Exercise aim.
Start at the top of the records and, please, print each line exactly through the line that contains "الحسابات الكيميائية |", leaving out all pictures.

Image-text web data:
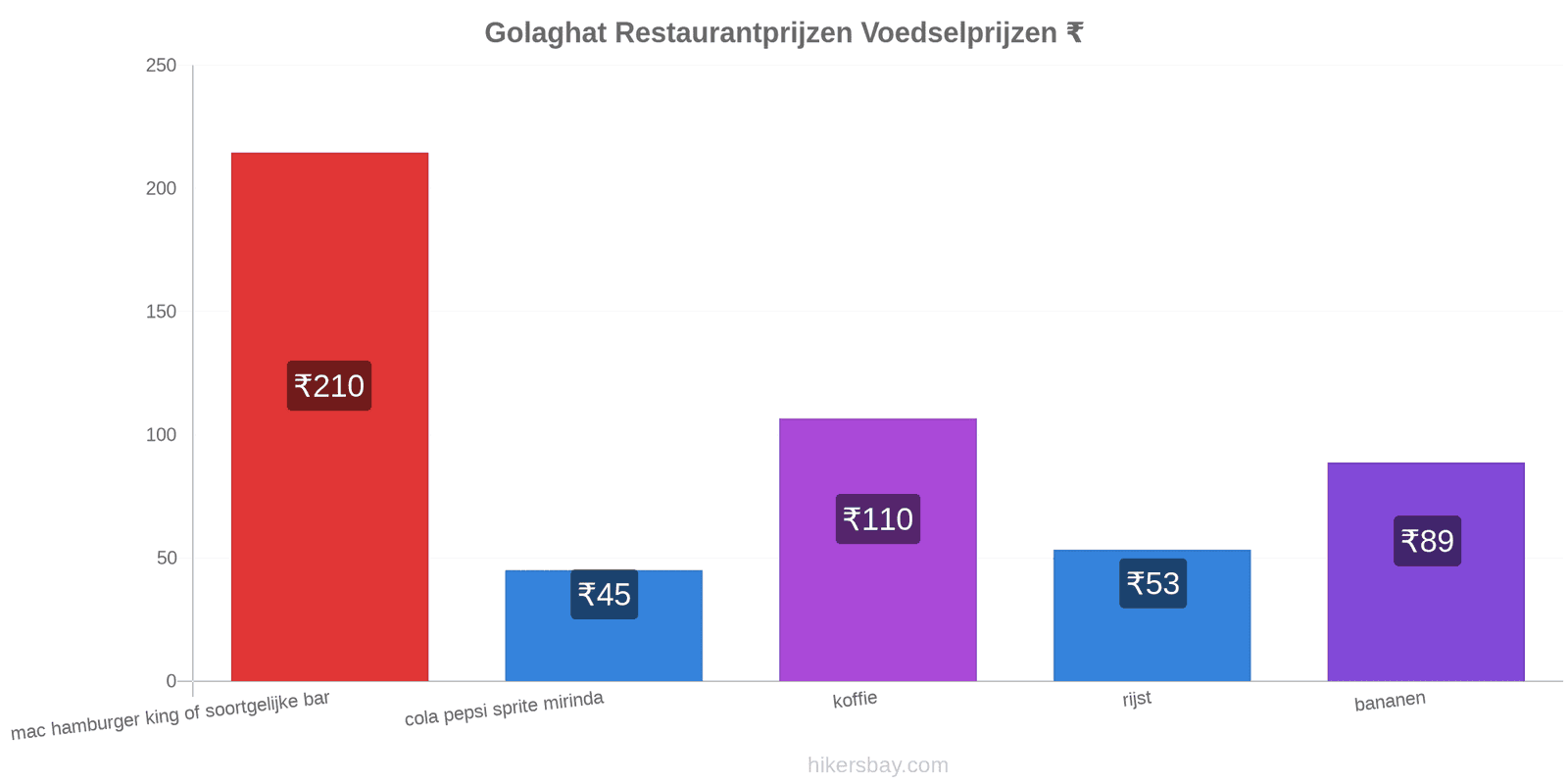 Golaghat prijswijzigingen hikersbay.com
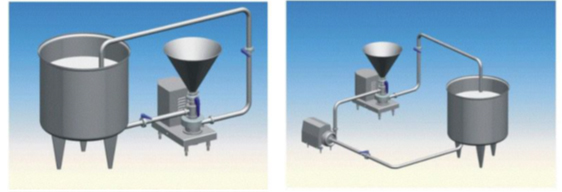 Triblenders Acero Inoxidable en Los Mochis Sinaloa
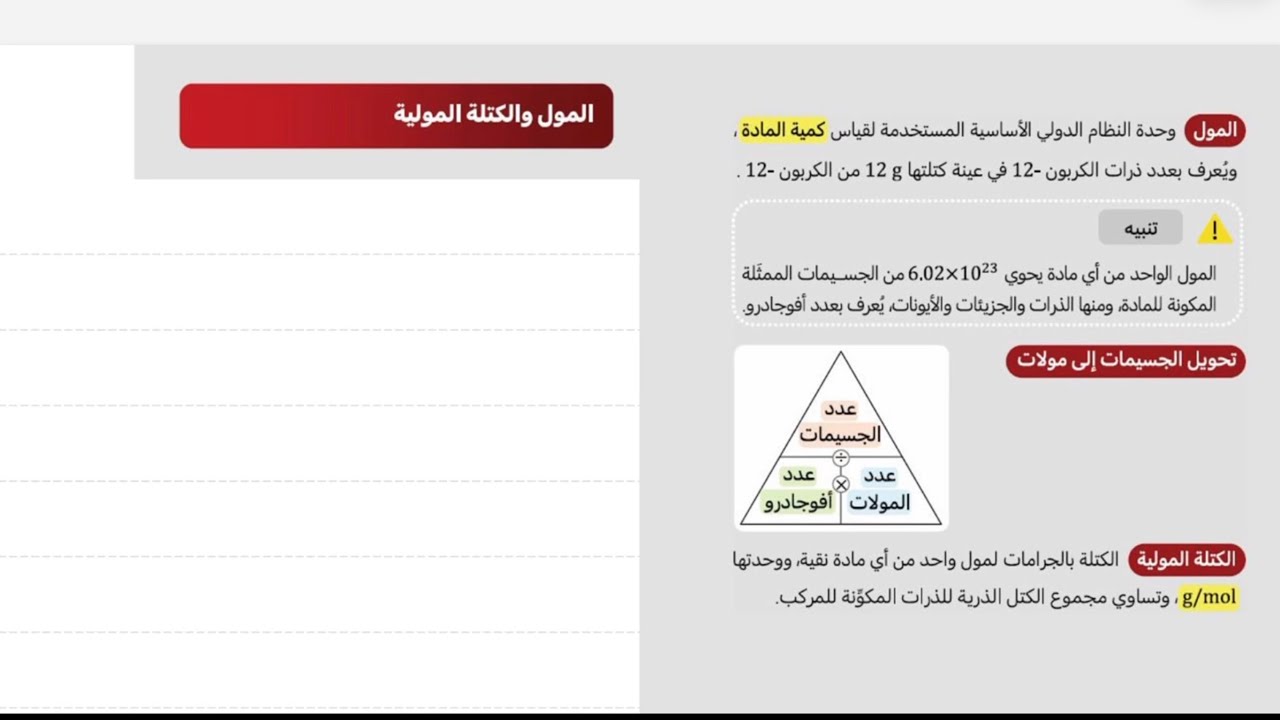 الحسابات الكيميائية | تحصيلي كيمياء 2026 | ناصر العبدكريم | الجزء الأول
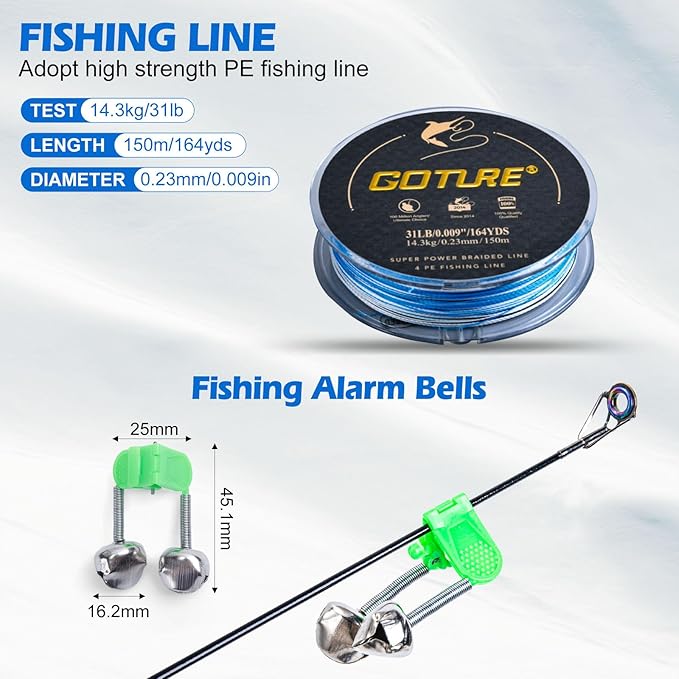 Goture Fishing Rod and Reel Combos, 1.8M-2.7M Carbon Fiber Telescopic Fishing Pole with Spinning Reel, Lures Set, 900D Carrier Bag, Travel Full Kit for Freshwater Saltwater, Beginners & Anglers
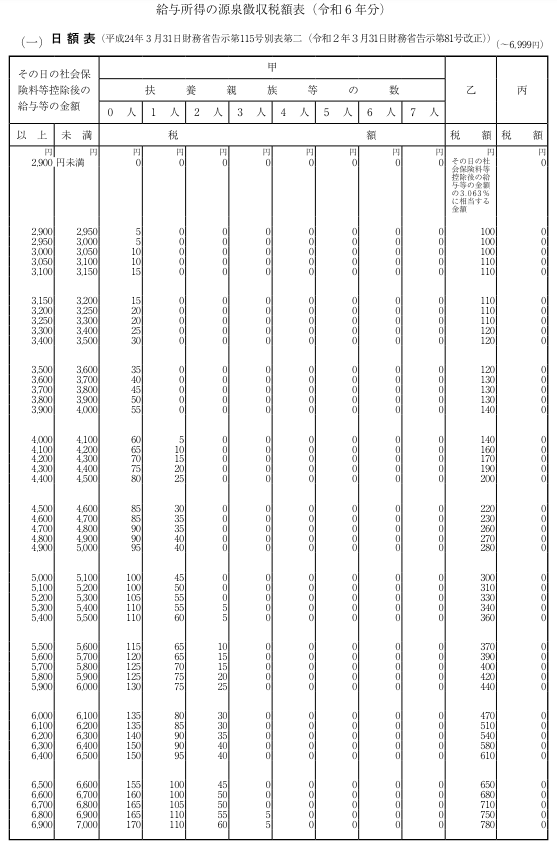 給与所得の源泉徴収税額表（令和6年分）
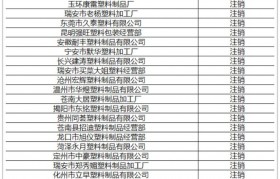 包装公司经营范围有哪些(包装有限公司经营范围怎么写)
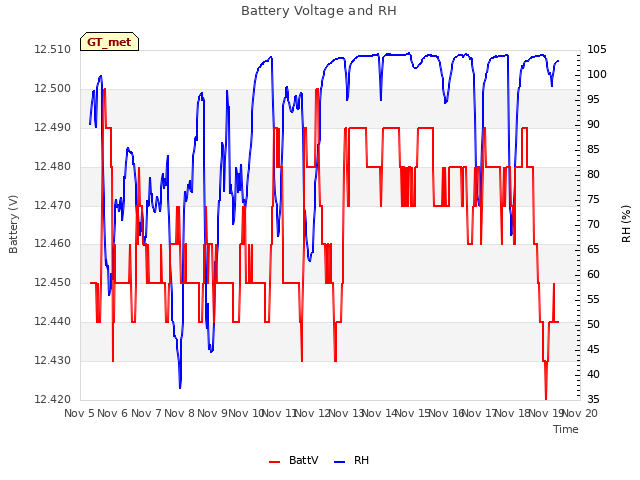 plot of Battery Voltage and RH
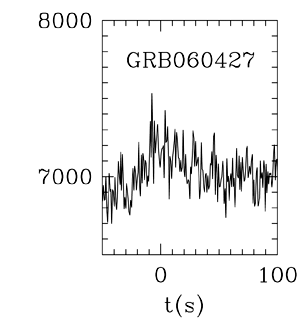 BAT Light Curve for GRB 060427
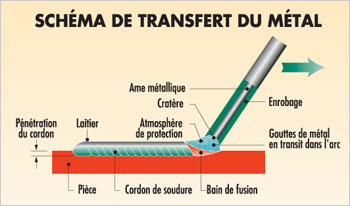 Transfert du metal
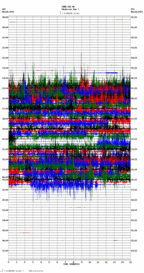 seismogram thumbnail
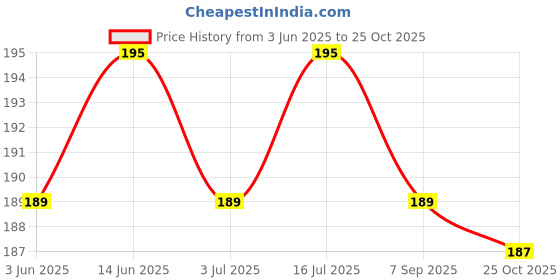 amazon.in Devkund Presented By Nature Lemon Essential Oil for Skin, Hair, Cleaning & DIY - 100% Natural & Cold Pressed Oil - 30ml. Price History Graph from 3 Jun 2025 to 25 Oct 2025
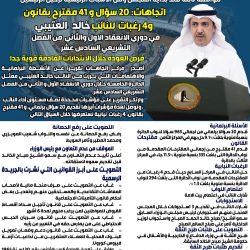 رسالة الي وزير الصحة الدكتور خالد السعيد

Answer below.
 Golaghat prijswijzigingen hikersbay.com
 Triblenders Acero Inoxidable en Los Mochis Sinaloa
 الحسابات الكيميائية | تحصيلي كيمياء 2026 | ناصر العبدكريم | الجزء الأول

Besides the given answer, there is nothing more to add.